Father Ronald Nuzzi, one of the authors of the book Striving for Balance, Steadfast in Faith, based on a 2010 Notre Dame study of U.S. Catholic elementary school principals, points out that today’s principals are expected to do too much and need support from the church to do their job better.

The study, completed by the University of Notre Dame’s Alliance for Catholic Education and its Mary Ann Remick Leadership Program, examined responses of 1,685 Catholic school principals from across the United States.

Father Nuzzi, a priest of the Diocese of Youngstown, Ohio, and director of Catholic Leadership Programs in the Alliance for Catholic Education, told CNS that the increasing demands on Catholic elementary school principals — from handling leaky roofs to acquiring new technology — makes it imperative to find ways to help them.

One way is through seminars for professional development offered not only by Boston College but other Catholic colleges such as St.
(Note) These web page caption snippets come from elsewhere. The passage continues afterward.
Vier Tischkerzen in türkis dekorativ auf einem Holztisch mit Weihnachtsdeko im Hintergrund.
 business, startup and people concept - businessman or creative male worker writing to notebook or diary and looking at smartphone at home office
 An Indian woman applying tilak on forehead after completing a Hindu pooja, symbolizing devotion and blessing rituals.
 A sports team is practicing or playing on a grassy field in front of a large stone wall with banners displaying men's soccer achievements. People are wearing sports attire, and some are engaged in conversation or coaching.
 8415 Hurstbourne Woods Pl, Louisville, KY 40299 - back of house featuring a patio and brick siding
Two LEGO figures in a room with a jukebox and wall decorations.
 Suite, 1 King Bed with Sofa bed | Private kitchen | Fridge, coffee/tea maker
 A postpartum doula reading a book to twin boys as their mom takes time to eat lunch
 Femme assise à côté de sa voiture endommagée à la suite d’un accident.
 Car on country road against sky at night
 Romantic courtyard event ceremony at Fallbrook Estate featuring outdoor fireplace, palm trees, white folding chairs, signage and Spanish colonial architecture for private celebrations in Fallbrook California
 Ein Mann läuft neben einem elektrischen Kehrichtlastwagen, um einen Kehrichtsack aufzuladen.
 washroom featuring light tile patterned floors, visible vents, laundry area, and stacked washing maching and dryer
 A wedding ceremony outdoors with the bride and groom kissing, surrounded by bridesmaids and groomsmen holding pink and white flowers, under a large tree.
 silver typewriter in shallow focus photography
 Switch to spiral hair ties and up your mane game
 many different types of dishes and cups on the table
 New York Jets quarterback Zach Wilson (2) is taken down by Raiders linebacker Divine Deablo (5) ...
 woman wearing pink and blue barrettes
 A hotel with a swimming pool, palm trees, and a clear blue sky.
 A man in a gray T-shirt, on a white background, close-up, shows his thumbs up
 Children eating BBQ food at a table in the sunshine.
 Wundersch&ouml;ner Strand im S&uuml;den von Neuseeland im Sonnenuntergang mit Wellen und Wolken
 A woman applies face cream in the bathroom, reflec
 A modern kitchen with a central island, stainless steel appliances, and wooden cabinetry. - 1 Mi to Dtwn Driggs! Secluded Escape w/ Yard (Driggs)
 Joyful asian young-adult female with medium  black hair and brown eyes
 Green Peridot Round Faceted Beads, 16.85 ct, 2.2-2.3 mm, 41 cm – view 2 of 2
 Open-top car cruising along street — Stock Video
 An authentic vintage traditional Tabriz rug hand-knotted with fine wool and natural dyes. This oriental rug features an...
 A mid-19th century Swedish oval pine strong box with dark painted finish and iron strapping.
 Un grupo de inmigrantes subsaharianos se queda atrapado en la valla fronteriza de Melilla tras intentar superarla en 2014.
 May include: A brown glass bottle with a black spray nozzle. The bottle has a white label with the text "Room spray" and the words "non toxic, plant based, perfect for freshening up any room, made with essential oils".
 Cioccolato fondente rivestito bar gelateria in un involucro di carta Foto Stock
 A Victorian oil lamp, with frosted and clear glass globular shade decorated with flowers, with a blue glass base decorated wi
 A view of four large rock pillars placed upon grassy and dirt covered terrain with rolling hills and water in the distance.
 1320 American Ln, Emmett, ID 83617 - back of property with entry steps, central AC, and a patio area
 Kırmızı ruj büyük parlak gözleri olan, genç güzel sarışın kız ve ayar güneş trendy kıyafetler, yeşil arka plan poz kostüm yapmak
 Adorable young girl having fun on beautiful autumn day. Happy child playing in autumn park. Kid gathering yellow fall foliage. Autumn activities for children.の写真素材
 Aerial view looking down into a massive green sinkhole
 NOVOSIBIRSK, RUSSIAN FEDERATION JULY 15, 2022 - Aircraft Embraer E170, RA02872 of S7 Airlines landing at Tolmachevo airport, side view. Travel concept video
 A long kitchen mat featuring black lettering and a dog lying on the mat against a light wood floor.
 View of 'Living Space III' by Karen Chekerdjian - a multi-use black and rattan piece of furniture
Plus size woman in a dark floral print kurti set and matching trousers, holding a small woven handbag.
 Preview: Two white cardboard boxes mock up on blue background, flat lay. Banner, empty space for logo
John’s University in Queens, N.Y. and Loyola University Chicago.

Another option he suggests is adopting the model many high schools currently use: dividing leadership responsibilities between a principal and a president. With the president handling fundraising and alumni development, the principal can focus on being the main academic and spiritual leader.

He realizes not all schools can afford this but suggests they could develop a regional approach to the idea of sharing a school president among local schools.

The book notes: “The church seems to have hired well, attracting mission-driven and loyal individuals to the overarching goals of Catholic education,” but it adds that these principals “live daily with what has been called ‘the tyranny of the urgent,’ hungering for more support — emotional as well as financial.”

If NCEA’s Mears could give the nation’s Catholic school principals one thing, it would be time.

“That’s the number one thing they need,” she said. Obviously she can’t provide that in a seminar, but she said programs that help principals use their time more efficiently are certainly a start.